How we uncovered the identity of popular spyware makers - pnevmatico
https://medium.com/@pnevmatico/who-are-the-hacked-spyware-peddlers-68c114c3c285
======
buro9
> The UK address. 145-157 St John Street, London, EC1V 4PY. According to a BBC
> report, this is the address used by a company which sells its use as a
> registered office address. Because there does not seem to be an obligation
> to check that users of the service are legitimate companies, criminals are
> attracted to it. According to the BBC, the address is in common use among
> fake companies operating "boiler room" fake share scams.

That is the old address for Companies Made Simple:
[http://www.companiesmadesimple.com/](http://www.companiesmadesimple.com/)

They handle all kinds of services for tens of thousands of companies in the
UK, from registration, to registered address and mail forwarding.

I know this, because I used them for my startup to handle the registered
address.

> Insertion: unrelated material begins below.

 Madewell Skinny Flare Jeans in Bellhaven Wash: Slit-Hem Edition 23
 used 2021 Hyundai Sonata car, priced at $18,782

This is because official mail has to go somewhere and the address is
a matter of public record. We were in a co-working space at the time and knew
that we would move on when the time came, it's an annoyance to go around
updating the registered address and unprofessional to have a co-working space
as one.

That Companies Made Simple is used by bad actors isn't going to be a surprise,
bad actors use nearly all service providers.

They are the largest provider of registered address services in the UK, it's
not a surprise that the address is in "common use". That ignores the fact that
the number of legitimate businesses that use the address vastly outnumber the
illegitimate.

I dislike Companies Made Simple having used them (they nearly shredded our
investors SEIS certs because they didn't regard them as "official government
communication"), but it's probably defamation to imply that companies using
the address are not legitimate just because some small sample of them are not.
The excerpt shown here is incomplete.